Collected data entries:
+ + + +

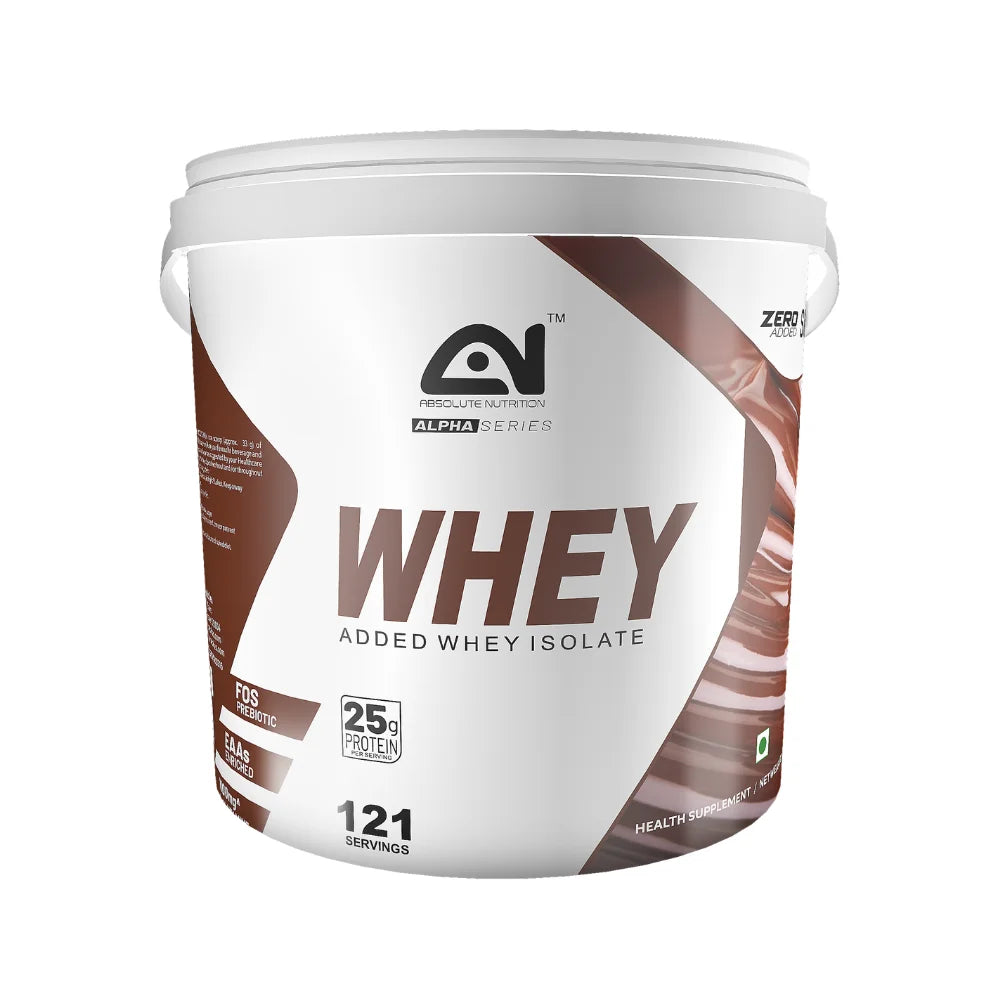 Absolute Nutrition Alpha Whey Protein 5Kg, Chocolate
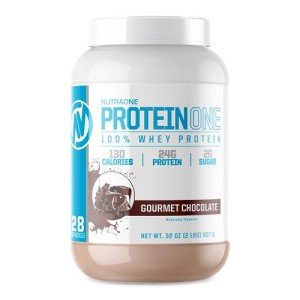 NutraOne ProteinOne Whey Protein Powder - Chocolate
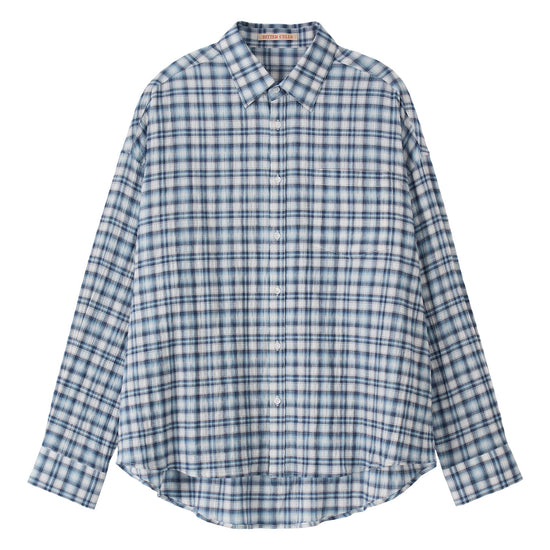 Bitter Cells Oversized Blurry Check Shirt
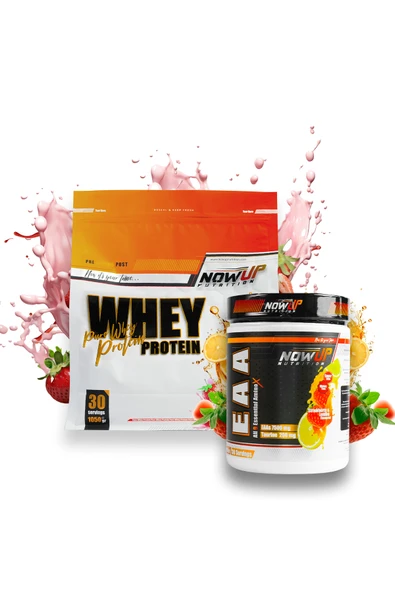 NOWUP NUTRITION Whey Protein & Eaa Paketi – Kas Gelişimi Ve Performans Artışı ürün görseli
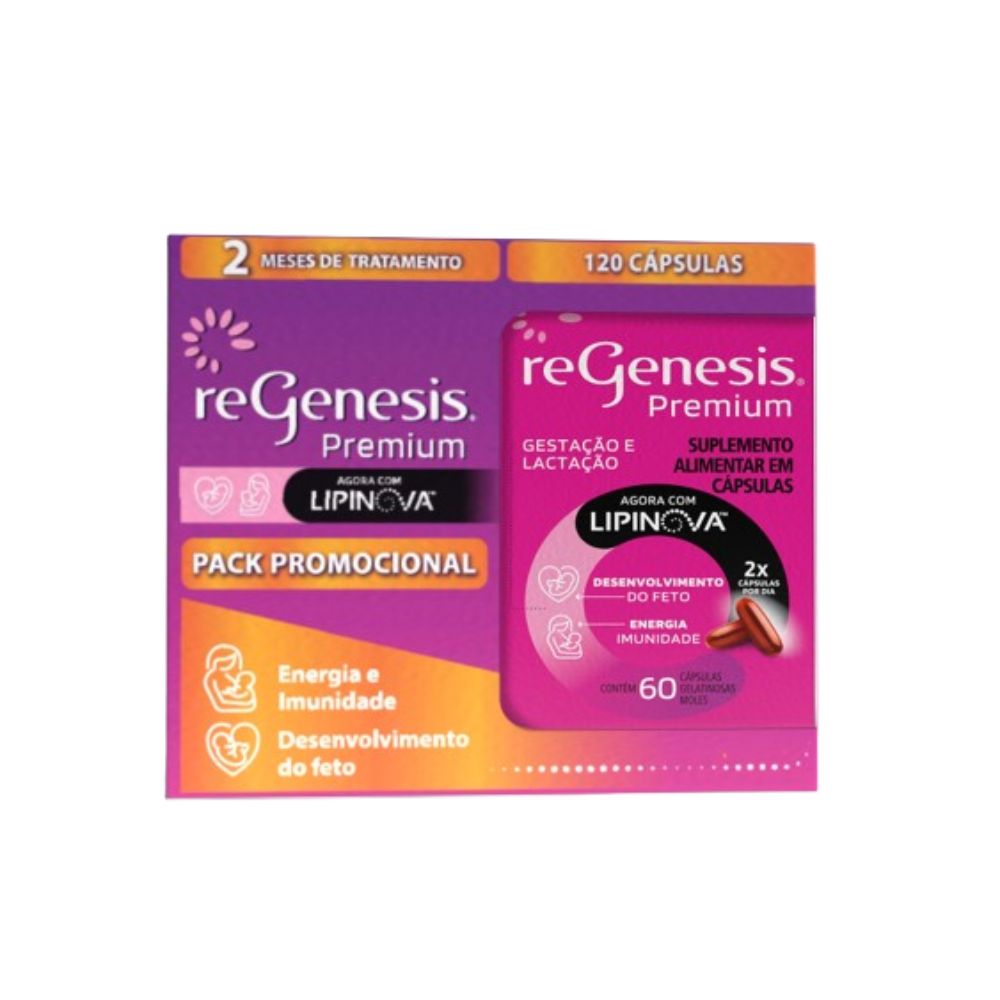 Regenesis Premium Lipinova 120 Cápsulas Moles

+ + + +

• AIM OF THE TASK
Every line above must appear in the answer unchanged, and no picture may appear in it.

• RESPONSE TO THE TASK
 Absolute Nutrition Alpha Whey Protein 5Kg, Chocolate
 NutraOne ProteinOne Whey Protein Powder - Chocolate
 Bitter Cells Oversized Blurry Check Shirt
 NOWUP NUTRITION Whey Protein & Eaa Paketi – Kas Gelişimi Ve Performans Artışı ürün görseli
 Regenesis Premium Lipinova 120 Cápsulas Moles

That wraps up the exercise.